Given that `y = a cos((t)/(P) - qx),` where t represents distance is metre. Which of the following statements is true ?

To solve the problem, we need to analyze the given equation and the implications of the terms involved. The equation given is: \[ y = a \cos\left(\frac{t}{P} - qx\right) \] where \( t \) represents distance in meters. We need to determine which of the statements regarding the units of \( t \), \( P \), \( q \), and \( x \) is true. ### Step-by-Step Solution: 1. **Understanding the Equation**: The expression inside the cosine function, \( \frac{t}{P} - qx \), must be dimensionless because the cosine function can only accept dimensionless arguments. 2. **Analyzing the Terms**: - \( t \) represents distance, so its unit is meters (m). - \( P \) must also have units that allow \( \frac{t}{P} \) to be dimensionless. Therefore, \( P \) must also have the unit of meters (m). - \( qx \) must also be dimensionless. Since \( x \) is a distance (in meters), \( q \) must have units that make \( qx \) dimensionless.

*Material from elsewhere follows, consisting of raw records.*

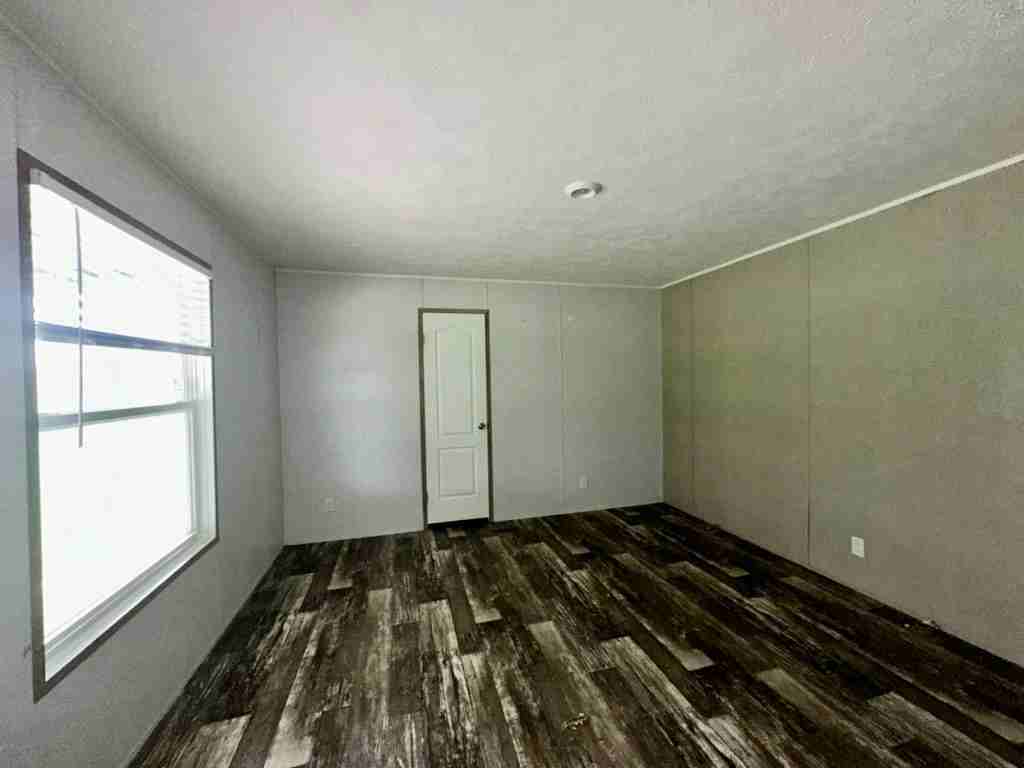 22516 Val Verde Rd - Photo 4 of 15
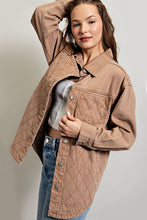 Load image into Gallery viewer, MANNIN QUILTED BUTTON DOWN JACKET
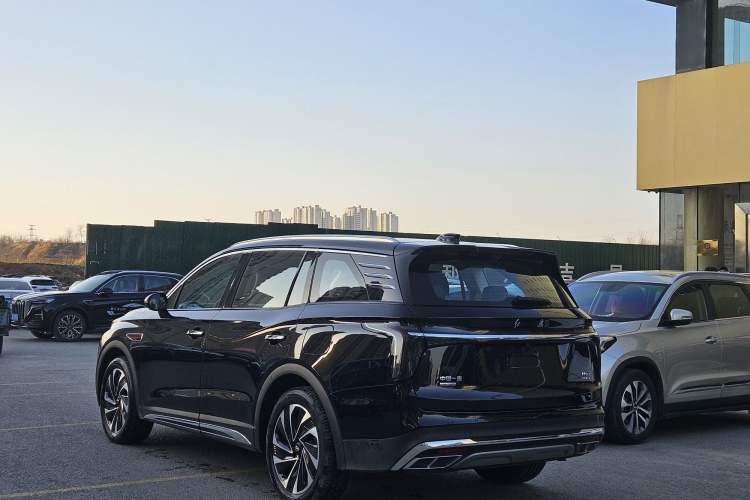 Used Hongqi HS7 PHEV 2024 2.0T PHEV Four-Wheel Drive Flagship Edition 6 Seats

Thus, \( q \) must have units of \( \text{m}^{-1} \) (inverse meters). 3. **Conclusion on Units**: - Since \( t \) and \( P \) both have units of meters, we can conclude: \[ \text{Unit of } t = \text{Unit of } P \] - The unit of \( x \) is the same as the unit of \( t \) and \( P \) (both are in meters). - The unit of \( q \) is \( \text{m}^{-1} \). 4. **Evaluating the Statements**: - **Statement 1**: The unit of \( t \) is the same as that of \( q \) → **False** (units are different). - **Statement 2**: The unit of \( x \) is the same as that of \( P \) → **True** (both are in meters). - **Statement 3**: The unit of \( x \) is the same as that of \( q \) → **False** (units are different). - **Statement 4**: The unit of \( t \) is the same as that of \( P \) → **True** (both are in meters). 5. **Final Answer**: The correct statements are that the unit of \( t \) is the same as that of \( P \), and the unit of \( x \) is the same as that of \( P \). Therefore, the true statement is: **The unit of \( t \) is the same as that of \( P \)**.